Git Pack Files and Delta Compression


The Problem: Git's Storage Challenge

Initially, Git snapshots your entire project on each commit. This would mean storing full copies of files for even minor changes, leading to significant storage inefficiency.


Enter Pack Files

To optimize storage, Git combines multiple objects (commits, trees, blobs) into compressed collections called pack files.

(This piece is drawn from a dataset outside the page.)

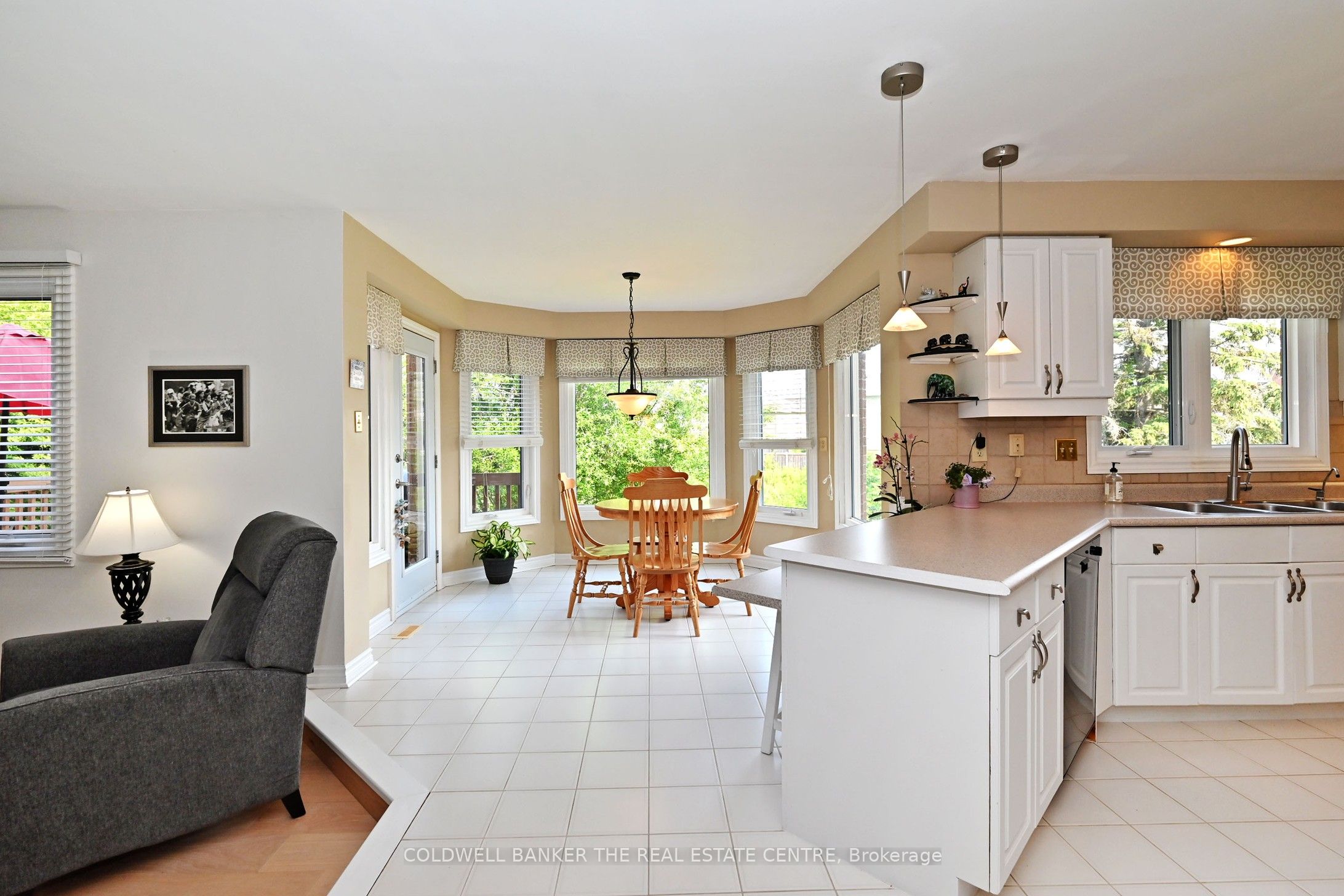 407 Fairway Gardens Property Photo 13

  • Initially, Git creates individual "loose objects".
  • Loose objects are stored in .git/objects.
  • Eventually, Git consolidates these into .pack files for efficiency.

Check loose objects:

find .git/objects -type f -not -path "*/pack/*" | head -n 1

When Does Git Pack Objects?

Git packs objects when:

  • Manually running git gc.
  • Pushing to a remote repository.
  • Loose object threshold is exceeded.
  • Triggered by certain Git operations.

Loose objects offer fast individual access, while pack files provide better storage and network efficiency.


Delta Compression Explained

Git uses delta compression in pack files to store only differences between similar objects:

  • Stores a base version and instructions (deltas) to recreate new versions.
  • Reduces redundancy, significantly optimizing storage.

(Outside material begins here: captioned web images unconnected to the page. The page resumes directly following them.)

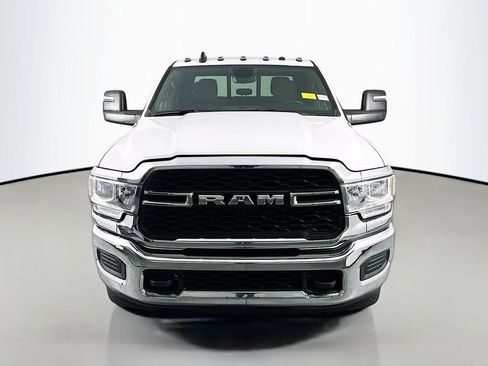 Used 2024 RAM 3500 Tradesman w/ Chrome Appearance Group AWD/4WD image 2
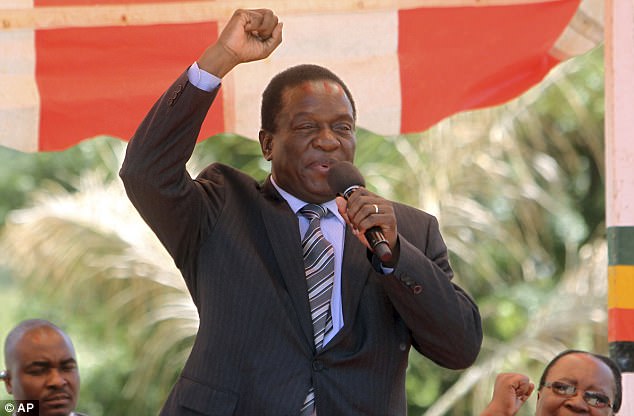 Foto vía www.dailymail.co.uk/news/article-5084379/Deposed-Zimbabwe-VP-75-London-educated-ex-spymaster.html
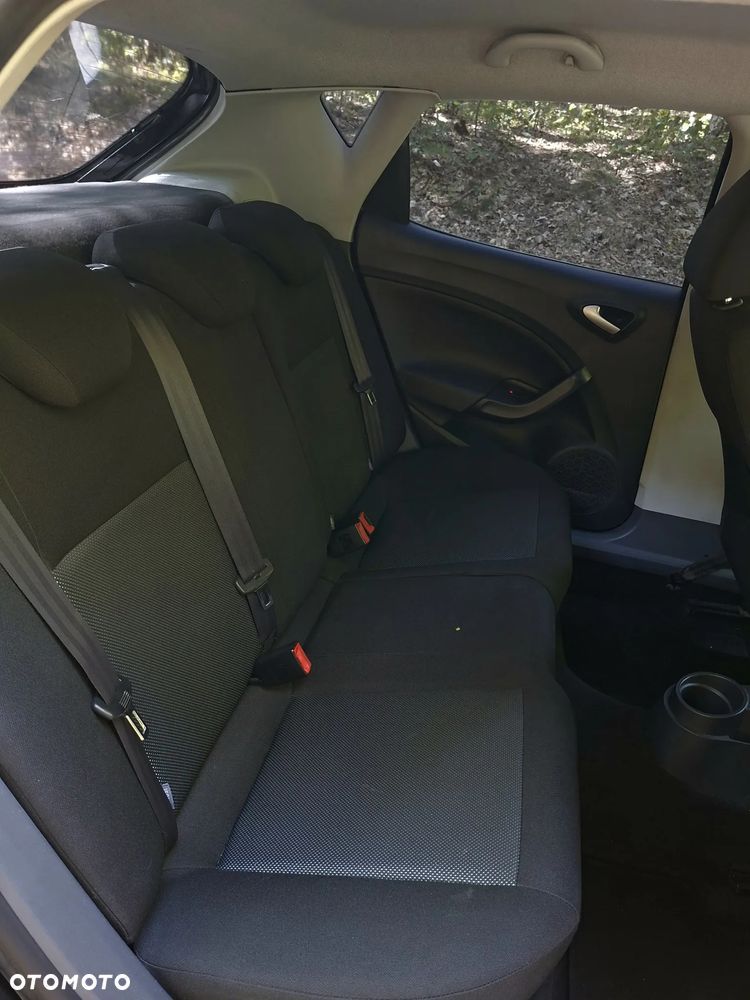 Seat Ibiza 1.6 16V Sport - 9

Example delta instructions:

  • "Copy first 100 bytes from base"
  • "Add new 20 bytes"
  • "Skip 30 bytes from base"

Finding Similar Objects

Git finds similar objects by:

  1. Sorting objects by type (commit, tree, blob).
  2. Grouping blobs by pathname.
  3. Sorting within groups by size.

Git then selects the optimal base object that minimizes delta size.


Delta Chains

Git further optimizes using delta chains, where objects reference other delta-compressed objects:

  • Version 3 → delta → Version 2 → delta → Version 1 (stored fully)
  • Configured by pack.depth (default: ~50).

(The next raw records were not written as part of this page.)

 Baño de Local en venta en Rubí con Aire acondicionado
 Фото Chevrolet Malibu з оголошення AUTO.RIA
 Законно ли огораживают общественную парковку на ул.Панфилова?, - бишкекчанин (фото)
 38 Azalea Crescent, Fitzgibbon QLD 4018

This balances compression and object retrieval performance.


Pack File Structure

A .pack file structure includes:

  1. Header (signature, version, object count)
  2. Packed objects:
    • Object headers (type, size, delta information)
    • Compressed contents or delta instructions
  3. Checksum

Each .pack file is accompanied by an .idx file for fast object lookups.


Pack Files in Action

Demonstration of pack file creation and delta compression:

# Create and initialize a demo repository
mkdir pack-demo && cd pack-demo
git init

# Initial commit
for i in {1..100}; do echo "Line $i of content" >> data.txt; done
git add data.txt
git commit -m "Initial version"

# Make incremental changes
sed -i '50s/.*/This line was changed/' data.txt
git commit -am "Change line 50"

sed -i '75s/.*/This line was also modified/' data.txt
git commit -am "Change line 75"

# Check loose objects before packing
echo "Loose objects before packing:"
find .git/objects -type f -not -path "*/pack/*" | wc -l

# Force packing with garbage collection
git gc

# Check objects after packing
echo "Loose objects after packing:"
find .git/objects -type f -not -path "*/pack/*" | wc -l

# View created pack files
ls -lh .git/objects/pack/

# Inspect pack contents
git verify-pack -v .git/objects/pack/pack-*.pack | grep data.txt

The resulting pack file demonstrates significant size reduction from delta compression.


Performance Implications

Git's storage method balances various performance aspects:

  • Fast Writes: Quickly creates loose objects.
  • Efficient Storage: Pack files and deltas save disk space.
  • Optimized Network Transfers: Reduced data size.
  • Complex Reads: Object reconstruction may involve following deltas.

Pack File Maintenance

Maintain optimal repository performance with these commands:

# Basic repacking
git repack

# Thorough repacking (removes redundant packs)
git repack -a -d

# Full garbage collection
git gc

Regular repacking ensures efficient storage.


Under-the-Hood Insights

Important insights about pack files and delta compression:

  • Git checks loose objects first, then pack files.
  • Configurable via pack.window and pack.windowMemory.
  • Delta chains can run forwards or backwards.
  • Base object selection emphasizes content similarity over historical order.
  • Pack files are immutable—Git always creates new ones instead of modifying existing ones.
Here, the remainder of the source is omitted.